**ABOUT THIS EXERCISE:**
Extract the first line through the line containing "Woman receiving face" from the listing below, exactly as written.

**LISTED RECORDS:**

↓↓↓

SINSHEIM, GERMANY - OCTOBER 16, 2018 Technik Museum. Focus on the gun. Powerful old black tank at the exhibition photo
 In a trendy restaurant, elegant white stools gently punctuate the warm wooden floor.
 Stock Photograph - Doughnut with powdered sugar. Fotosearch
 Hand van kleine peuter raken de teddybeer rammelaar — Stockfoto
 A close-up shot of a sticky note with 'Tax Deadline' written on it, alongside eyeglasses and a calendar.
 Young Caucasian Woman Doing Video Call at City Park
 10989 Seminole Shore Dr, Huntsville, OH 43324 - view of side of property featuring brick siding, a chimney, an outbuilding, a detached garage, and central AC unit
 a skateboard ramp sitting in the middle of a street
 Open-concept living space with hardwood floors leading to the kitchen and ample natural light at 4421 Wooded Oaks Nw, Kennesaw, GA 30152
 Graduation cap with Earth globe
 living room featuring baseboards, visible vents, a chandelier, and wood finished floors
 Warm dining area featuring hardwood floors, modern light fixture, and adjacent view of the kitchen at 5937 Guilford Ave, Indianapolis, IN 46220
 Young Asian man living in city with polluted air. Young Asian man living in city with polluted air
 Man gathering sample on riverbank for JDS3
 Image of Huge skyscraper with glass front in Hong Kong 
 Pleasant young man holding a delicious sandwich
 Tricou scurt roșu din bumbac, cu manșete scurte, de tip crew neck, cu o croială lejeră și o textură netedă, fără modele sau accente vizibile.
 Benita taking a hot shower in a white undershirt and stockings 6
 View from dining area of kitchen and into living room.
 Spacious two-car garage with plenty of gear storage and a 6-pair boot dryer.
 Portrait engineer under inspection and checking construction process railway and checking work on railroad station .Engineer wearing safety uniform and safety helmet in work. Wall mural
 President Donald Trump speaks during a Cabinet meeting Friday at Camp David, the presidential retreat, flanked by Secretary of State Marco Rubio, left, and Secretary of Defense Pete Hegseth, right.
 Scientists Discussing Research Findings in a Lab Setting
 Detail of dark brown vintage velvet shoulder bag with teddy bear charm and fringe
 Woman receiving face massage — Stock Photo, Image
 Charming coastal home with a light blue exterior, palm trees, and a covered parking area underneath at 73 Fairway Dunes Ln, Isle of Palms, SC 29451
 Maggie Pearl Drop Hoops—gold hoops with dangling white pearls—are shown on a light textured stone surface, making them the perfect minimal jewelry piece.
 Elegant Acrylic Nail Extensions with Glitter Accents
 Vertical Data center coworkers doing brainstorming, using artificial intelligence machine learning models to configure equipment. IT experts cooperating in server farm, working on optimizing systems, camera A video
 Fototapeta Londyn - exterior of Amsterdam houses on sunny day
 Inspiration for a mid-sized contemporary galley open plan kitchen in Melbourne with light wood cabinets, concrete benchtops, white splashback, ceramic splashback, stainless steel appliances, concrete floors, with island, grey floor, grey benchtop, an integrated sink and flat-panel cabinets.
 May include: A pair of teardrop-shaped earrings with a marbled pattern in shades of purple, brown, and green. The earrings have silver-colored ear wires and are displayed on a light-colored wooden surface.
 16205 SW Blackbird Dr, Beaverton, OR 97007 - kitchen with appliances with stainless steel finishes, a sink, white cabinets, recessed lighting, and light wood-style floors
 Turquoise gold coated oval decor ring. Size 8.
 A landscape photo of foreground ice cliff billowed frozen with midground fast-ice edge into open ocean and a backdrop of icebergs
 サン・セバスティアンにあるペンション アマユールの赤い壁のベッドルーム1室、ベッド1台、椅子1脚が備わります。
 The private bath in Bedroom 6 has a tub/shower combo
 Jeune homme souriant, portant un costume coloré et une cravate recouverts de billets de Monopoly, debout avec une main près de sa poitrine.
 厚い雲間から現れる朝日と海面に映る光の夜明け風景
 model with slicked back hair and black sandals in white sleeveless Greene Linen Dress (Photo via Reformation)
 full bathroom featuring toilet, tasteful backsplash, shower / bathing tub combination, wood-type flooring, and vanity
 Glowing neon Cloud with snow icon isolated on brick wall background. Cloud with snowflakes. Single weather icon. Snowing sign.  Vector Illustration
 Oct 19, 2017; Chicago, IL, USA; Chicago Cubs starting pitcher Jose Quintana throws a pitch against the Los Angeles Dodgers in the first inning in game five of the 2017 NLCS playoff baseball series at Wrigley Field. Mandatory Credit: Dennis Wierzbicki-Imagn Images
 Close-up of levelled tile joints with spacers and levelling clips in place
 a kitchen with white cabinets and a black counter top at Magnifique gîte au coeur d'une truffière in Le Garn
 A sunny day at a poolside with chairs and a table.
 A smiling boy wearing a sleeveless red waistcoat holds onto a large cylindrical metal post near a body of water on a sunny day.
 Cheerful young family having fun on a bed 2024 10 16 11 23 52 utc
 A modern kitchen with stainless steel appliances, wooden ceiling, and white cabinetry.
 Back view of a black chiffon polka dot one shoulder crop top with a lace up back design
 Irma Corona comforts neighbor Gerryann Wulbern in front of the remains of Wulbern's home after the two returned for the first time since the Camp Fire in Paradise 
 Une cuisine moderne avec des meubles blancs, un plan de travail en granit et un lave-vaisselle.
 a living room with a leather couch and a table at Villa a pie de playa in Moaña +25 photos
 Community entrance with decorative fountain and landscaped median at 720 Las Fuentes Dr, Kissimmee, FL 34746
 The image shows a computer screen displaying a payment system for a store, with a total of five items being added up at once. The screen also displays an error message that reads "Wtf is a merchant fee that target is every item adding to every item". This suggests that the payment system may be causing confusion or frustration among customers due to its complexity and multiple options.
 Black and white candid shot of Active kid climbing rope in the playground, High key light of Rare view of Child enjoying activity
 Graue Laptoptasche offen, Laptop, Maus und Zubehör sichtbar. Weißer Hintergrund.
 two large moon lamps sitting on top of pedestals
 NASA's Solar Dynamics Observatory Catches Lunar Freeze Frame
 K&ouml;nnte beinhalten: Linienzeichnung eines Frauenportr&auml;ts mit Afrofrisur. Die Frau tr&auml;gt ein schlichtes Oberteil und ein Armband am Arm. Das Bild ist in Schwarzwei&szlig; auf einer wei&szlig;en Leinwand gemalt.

↑↑↑

**RESPONSE BOX:**
SINSHEIM, GERMANY - OCTOBER 16, 2018 Technik Museum. Focus on the gun. Powerful old black tank at the exhibition photo
 In a trendy restaurant, elegant white stools gently punctuate the warm wooden floor.
 Stock Photograph - Doughnut with powdered sugar. Fotosearch
 Hand van kleine peuter raken de teddybeer rammelaar — Stockfoto
 A close-up shot of a sticky note with 'Tax Deadline' written on it, alongside eyeglasses and a calendar.
 Young Caucasian Woman Doing Video Call at City Park
 10989 Seminole Shore Dr, Huntsville, OH 43324 - view of side of property featuring brick siding, a chimney, an outbuilding, a detached garage, and central AC unit
 a skateboard ramp sitting in the middle of a street
 Open-concept living space with hardwood floors leading to the kitchen and ample natural light at 4421 Wooded Oaks Nw, Kennesaw, GA 30152
 Graduation cap with Earth globe
 living room featuring baseboards, visible vents, a chandelier, and wood finished floors
 Warm dining area featuring hardwood floors, modern light fixture, and adjacent view of the kitchen at 5937 Guilford Ave, Indianapolis, IN 46220
 Young Asian man living in city with polluted air. Young Asian man living in city with polluted air
 Man gathering sample on riverbank for JDS3
 Image of Huge skyscraper with glass front in Hong Kong 
 Pleasant young man holding a delicious sandwich
 Tricou scurt roșu din bumbac, cu manșete scurte, de tip crew neck, cu o croială lejeră și o textură netedă, fără modele sau accente vizibile.
 Benita taking a hot shower in a white undershirt and stockings 6
 View from dining area of kitchen and into living room.
 Spacious two-car garage with plenty of gear storage and a 6-pair boot dryer.
 Portrait engineer under inspection and checking construction process railway and checking work on railroad station .Engineer wearing safety uniform and safety helmet in work. Wall mural
 President Donald Trump speaks during a Cabinet meeting Friday at Camp David, the presidential retreat, flanked by Secretary of State Marco Rubio, left, and Secretary of Defense Pete Hegseth, right.
 Scientists Discussing Research Findings in a Lab Setting
 Detail of dark brown vintage velvet shoulder bag with teddy bear charm and fringe
 Woman receiving face massage — Stock Photo, Image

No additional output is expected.